**YOUR TASK**: In the data below, find the line containing "Amazing Brown Mexican", then set down that line and every later line up to and including the line containing "生肖牛6月運勢大洗牌！有人破財有人暴富，注意事項大公開！必看！", exactly.

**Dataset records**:
·····

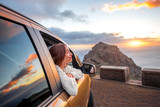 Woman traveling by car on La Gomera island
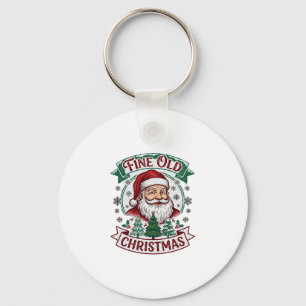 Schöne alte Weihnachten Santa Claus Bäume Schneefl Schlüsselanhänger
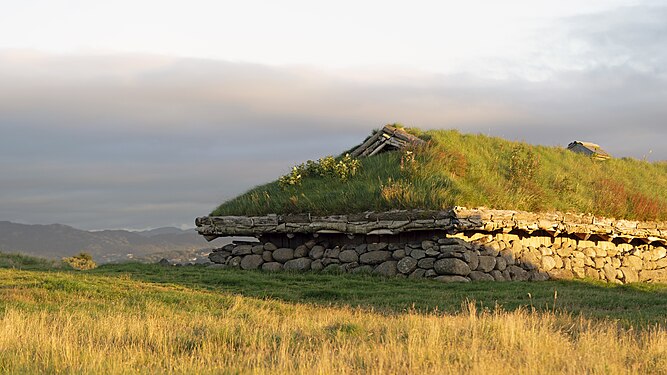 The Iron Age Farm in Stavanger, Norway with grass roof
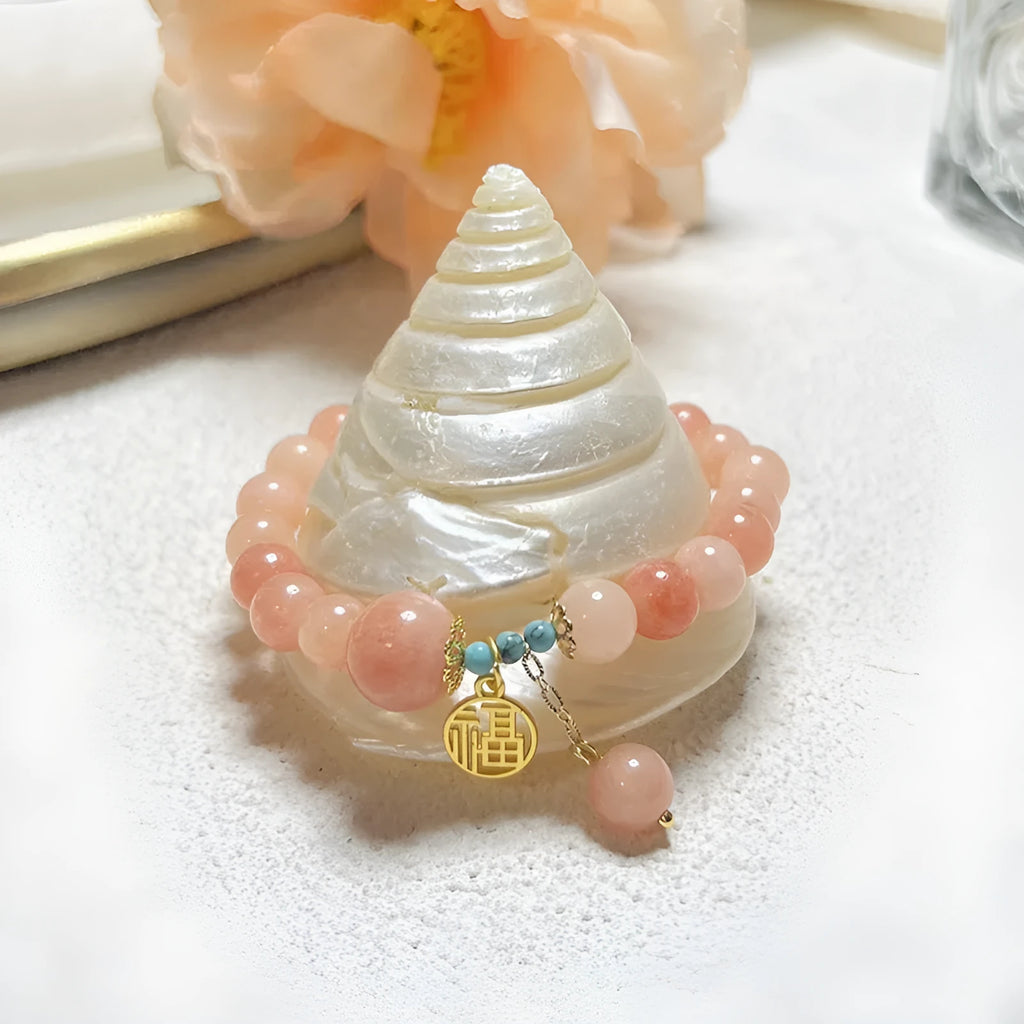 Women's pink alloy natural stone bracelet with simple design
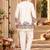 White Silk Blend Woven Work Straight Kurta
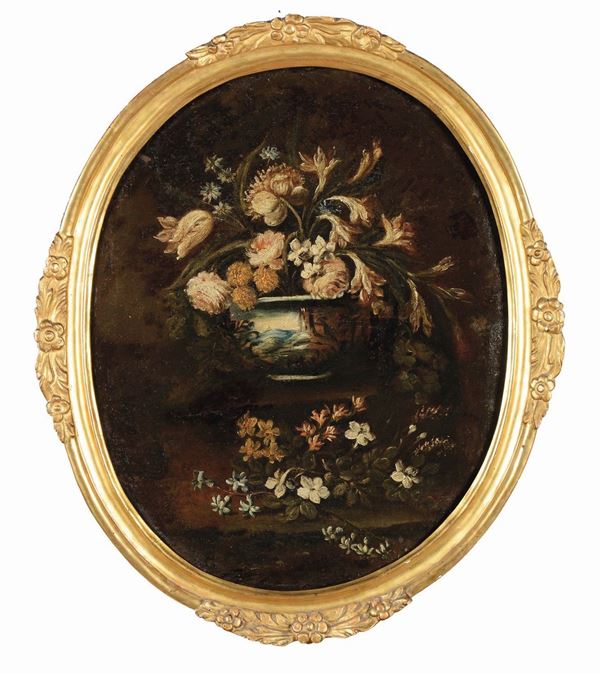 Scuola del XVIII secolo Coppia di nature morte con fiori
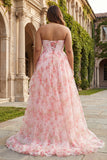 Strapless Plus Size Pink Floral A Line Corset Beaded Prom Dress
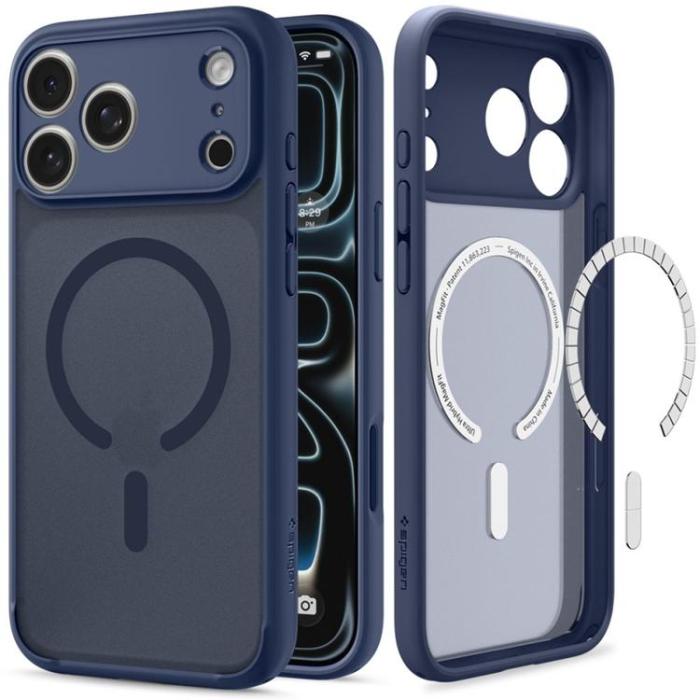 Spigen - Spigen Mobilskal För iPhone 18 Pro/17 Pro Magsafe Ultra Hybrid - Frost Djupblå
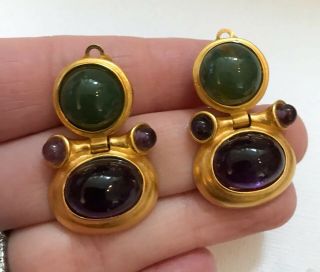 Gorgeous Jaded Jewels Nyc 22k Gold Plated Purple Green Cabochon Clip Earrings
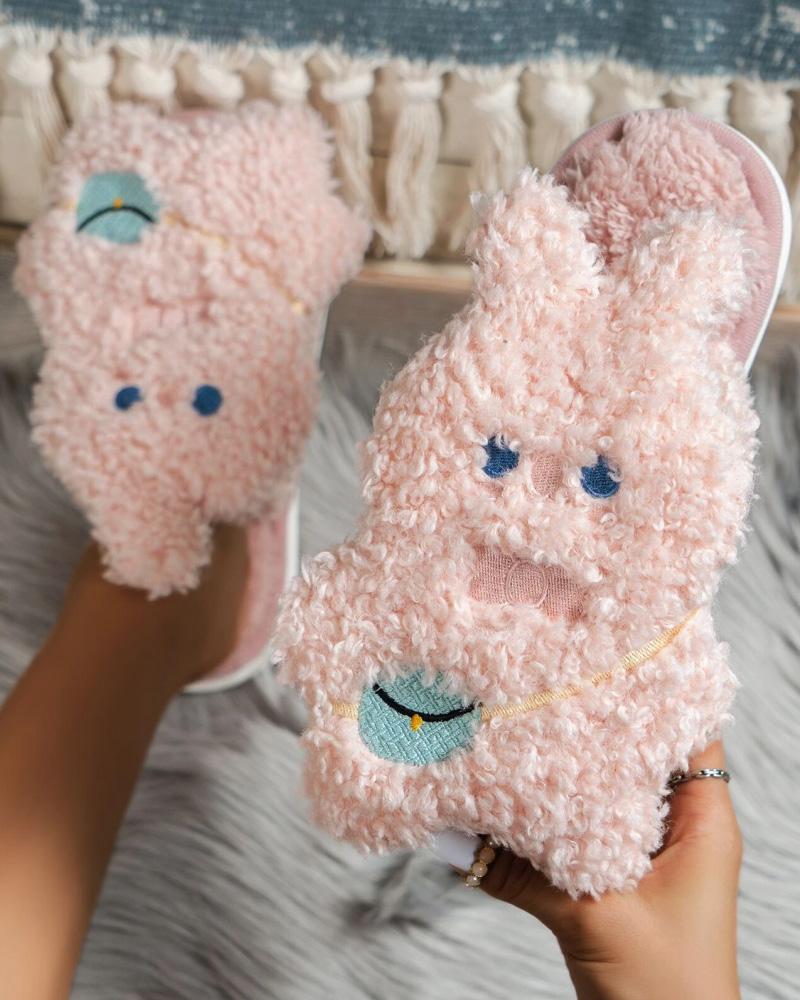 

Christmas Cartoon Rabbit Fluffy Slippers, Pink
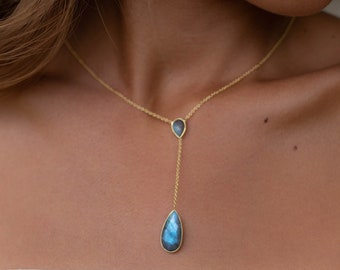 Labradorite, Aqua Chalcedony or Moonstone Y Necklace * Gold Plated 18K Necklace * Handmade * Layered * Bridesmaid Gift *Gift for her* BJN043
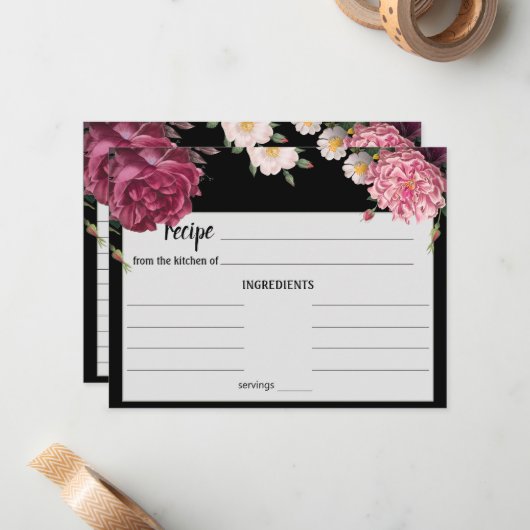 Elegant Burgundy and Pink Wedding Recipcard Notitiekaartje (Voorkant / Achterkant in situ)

·····

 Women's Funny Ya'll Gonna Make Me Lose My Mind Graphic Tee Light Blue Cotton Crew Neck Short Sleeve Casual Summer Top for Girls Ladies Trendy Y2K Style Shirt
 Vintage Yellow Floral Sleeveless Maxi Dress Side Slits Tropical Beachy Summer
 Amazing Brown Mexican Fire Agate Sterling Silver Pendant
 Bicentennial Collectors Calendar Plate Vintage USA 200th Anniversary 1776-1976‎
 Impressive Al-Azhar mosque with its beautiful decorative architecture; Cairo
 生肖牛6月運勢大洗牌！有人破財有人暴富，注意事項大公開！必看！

·····

**ANSWER FOR THE TASK**:
 Amazing Brown Mexican Fire Agate Sterling Silver Pendant
 Bicentennial Collectors Calendar Plate Vintage USA 200th Anniversary 1776-1976‎
 Impressive Al-Azhar mosque with its beautiful decorative architecture; Cairo
 生肖牛6月運勢大洗牌！有人破財有人暴富，注意事項大公開！必看！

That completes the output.